# TASK DESCRIPTION
When a line of the material has the word "United" in it, copy that line.

= = = = =

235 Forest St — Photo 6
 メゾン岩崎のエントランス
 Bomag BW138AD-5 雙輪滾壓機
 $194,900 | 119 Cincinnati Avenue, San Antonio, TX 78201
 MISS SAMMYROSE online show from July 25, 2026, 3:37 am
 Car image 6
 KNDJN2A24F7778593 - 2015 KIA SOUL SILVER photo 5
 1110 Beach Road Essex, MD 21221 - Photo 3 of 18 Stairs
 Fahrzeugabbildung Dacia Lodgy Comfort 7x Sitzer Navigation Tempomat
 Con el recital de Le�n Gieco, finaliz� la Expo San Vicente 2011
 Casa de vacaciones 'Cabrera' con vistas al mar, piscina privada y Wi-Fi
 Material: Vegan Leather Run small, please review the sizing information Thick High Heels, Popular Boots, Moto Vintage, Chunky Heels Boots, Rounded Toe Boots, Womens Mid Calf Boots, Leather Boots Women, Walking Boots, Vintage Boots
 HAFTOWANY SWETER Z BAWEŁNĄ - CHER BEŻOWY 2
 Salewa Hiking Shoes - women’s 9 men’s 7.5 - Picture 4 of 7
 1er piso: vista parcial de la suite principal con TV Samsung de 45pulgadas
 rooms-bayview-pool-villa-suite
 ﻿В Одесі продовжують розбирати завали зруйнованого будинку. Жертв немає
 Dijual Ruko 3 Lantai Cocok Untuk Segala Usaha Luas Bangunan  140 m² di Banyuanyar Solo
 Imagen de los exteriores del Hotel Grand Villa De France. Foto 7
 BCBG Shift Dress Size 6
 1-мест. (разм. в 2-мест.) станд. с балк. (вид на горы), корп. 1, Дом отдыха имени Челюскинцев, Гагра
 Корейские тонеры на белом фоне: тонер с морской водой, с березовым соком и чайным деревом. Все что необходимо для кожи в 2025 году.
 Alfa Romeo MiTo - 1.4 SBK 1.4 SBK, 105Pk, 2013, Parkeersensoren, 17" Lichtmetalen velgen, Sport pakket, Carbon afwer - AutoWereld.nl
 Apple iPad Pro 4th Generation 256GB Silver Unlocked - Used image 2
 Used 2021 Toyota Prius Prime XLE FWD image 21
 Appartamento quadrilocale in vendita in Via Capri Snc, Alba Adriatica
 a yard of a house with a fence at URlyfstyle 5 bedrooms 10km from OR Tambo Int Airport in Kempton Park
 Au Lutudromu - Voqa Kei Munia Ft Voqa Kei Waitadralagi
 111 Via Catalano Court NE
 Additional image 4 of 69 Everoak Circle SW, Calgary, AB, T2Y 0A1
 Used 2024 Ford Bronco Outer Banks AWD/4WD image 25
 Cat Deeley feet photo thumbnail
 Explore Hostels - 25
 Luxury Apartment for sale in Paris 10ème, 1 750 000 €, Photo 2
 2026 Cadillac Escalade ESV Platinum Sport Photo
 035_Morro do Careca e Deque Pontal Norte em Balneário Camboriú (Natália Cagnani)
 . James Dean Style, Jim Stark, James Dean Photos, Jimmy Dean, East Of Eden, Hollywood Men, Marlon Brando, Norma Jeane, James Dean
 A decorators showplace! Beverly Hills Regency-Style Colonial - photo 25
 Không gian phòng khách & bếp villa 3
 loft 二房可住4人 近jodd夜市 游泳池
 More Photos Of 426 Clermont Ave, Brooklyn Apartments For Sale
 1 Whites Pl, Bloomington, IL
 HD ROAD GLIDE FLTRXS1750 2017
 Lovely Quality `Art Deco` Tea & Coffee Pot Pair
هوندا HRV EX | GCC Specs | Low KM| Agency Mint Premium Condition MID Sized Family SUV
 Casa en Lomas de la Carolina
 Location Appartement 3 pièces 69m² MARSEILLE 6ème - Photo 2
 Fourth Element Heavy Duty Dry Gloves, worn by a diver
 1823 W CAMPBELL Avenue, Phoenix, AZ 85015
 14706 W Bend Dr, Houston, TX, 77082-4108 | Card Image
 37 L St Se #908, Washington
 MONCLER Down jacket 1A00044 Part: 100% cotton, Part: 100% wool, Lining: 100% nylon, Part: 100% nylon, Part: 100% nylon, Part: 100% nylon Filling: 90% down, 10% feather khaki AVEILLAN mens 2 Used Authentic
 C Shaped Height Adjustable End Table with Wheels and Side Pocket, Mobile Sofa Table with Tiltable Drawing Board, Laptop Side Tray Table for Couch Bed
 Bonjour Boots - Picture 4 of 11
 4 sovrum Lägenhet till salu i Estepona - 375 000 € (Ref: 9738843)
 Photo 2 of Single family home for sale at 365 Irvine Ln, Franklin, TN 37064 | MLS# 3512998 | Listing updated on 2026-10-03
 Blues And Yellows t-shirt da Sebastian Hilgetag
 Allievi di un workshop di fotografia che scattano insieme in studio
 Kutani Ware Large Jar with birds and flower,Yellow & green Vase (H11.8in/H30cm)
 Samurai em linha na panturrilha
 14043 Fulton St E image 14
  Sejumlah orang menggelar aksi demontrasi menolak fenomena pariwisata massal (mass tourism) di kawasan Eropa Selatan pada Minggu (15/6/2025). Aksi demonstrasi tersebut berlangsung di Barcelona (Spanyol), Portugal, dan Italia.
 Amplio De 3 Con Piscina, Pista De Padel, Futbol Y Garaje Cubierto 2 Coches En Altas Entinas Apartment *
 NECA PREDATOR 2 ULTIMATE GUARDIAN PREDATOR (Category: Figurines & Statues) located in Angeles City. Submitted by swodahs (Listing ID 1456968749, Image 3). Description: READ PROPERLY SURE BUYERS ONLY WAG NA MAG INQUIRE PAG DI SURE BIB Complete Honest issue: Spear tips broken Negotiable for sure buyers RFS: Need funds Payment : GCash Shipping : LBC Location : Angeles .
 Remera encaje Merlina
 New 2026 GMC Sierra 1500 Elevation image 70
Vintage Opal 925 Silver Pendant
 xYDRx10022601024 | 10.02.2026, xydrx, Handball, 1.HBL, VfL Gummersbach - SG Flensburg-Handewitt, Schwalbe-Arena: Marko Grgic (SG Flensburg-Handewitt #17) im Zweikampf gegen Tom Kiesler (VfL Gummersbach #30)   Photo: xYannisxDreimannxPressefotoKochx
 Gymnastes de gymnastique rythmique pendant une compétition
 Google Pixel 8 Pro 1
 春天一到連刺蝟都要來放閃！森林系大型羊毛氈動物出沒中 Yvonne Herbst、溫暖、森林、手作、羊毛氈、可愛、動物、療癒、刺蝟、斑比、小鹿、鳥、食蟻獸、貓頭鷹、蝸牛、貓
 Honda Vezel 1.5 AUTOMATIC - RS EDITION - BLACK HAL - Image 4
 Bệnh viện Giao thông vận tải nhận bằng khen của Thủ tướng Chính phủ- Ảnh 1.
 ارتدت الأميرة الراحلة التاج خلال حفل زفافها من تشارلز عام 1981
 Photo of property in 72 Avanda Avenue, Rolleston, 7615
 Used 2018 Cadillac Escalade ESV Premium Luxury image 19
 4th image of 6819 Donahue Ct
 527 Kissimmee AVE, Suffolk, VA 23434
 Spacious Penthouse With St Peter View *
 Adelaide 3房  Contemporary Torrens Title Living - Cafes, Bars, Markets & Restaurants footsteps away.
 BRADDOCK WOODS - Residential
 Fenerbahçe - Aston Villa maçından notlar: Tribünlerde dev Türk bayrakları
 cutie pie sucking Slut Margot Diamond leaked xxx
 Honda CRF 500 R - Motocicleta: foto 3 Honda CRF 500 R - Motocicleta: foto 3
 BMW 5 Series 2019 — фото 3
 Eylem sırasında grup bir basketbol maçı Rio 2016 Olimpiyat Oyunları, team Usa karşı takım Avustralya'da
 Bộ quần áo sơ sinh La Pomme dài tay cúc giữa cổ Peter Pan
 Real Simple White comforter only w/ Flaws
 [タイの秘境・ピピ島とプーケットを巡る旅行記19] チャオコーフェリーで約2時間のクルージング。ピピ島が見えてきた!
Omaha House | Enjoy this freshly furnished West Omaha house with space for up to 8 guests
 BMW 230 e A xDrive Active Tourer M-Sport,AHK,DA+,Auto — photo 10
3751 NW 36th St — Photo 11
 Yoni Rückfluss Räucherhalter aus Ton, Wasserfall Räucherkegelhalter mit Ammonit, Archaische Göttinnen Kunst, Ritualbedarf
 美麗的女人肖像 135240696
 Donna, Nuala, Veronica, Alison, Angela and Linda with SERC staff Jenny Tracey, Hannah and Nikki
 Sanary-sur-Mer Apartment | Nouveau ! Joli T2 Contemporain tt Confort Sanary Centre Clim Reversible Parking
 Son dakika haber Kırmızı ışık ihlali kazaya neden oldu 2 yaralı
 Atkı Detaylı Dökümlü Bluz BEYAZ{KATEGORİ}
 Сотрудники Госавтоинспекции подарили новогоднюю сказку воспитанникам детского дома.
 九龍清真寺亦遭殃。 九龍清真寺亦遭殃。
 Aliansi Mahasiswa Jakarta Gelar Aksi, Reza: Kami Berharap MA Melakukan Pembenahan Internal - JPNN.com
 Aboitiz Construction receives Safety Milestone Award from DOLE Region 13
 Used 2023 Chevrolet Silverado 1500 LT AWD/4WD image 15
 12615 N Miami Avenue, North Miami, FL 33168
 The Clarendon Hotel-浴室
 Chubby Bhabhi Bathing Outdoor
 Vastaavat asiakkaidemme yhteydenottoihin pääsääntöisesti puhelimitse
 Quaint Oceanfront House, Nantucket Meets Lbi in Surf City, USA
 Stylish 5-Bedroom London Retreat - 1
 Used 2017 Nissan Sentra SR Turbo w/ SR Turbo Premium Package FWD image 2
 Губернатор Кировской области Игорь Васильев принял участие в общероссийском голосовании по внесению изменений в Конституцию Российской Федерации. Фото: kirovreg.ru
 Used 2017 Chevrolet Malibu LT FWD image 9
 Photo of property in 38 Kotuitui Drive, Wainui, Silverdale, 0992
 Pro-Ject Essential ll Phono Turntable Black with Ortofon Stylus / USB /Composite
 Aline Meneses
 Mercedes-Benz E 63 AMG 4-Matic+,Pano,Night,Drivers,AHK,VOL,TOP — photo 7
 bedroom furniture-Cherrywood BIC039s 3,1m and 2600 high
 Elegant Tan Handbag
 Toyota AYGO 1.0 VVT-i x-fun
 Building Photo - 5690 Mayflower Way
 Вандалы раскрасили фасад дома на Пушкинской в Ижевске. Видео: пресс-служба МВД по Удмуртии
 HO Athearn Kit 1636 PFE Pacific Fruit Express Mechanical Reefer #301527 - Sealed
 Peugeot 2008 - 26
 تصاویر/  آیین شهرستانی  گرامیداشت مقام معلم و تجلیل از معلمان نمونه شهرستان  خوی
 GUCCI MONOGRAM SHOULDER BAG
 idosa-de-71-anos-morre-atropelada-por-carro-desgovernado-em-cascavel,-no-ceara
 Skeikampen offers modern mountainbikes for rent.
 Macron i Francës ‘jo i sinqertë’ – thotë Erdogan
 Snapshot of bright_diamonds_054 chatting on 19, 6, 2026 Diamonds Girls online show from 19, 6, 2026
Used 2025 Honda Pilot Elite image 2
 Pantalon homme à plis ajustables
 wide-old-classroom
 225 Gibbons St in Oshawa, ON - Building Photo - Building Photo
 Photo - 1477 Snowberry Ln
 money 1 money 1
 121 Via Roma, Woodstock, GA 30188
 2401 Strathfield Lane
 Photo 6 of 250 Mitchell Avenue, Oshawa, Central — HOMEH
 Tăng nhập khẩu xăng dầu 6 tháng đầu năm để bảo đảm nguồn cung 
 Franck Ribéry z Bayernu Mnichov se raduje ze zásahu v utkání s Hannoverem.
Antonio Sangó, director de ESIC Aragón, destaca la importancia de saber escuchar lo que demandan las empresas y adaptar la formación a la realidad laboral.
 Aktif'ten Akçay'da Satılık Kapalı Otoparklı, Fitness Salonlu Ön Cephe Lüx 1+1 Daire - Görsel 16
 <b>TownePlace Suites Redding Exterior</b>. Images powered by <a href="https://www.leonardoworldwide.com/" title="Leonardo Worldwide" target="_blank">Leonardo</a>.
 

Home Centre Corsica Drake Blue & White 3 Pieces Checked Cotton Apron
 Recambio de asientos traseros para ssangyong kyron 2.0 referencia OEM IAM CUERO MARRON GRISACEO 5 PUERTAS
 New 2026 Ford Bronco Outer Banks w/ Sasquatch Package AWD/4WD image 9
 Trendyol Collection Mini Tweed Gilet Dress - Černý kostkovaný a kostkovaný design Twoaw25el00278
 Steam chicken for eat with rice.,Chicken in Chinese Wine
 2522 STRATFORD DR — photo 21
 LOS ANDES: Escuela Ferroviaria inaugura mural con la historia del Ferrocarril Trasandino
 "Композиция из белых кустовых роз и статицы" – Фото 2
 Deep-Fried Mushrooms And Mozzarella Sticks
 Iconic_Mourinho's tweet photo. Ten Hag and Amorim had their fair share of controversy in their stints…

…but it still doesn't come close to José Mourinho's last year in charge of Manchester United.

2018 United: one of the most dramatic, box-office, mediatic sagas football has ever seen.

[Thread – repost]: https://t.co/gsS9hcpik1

= = = = =

# EXERCISE OUTPUT
…but it still doesn't come close to José Mourinho's last year in charge of Manchester United.
2018 United: one of the most dramatic, box-office, mediatic sagas football has ever seen.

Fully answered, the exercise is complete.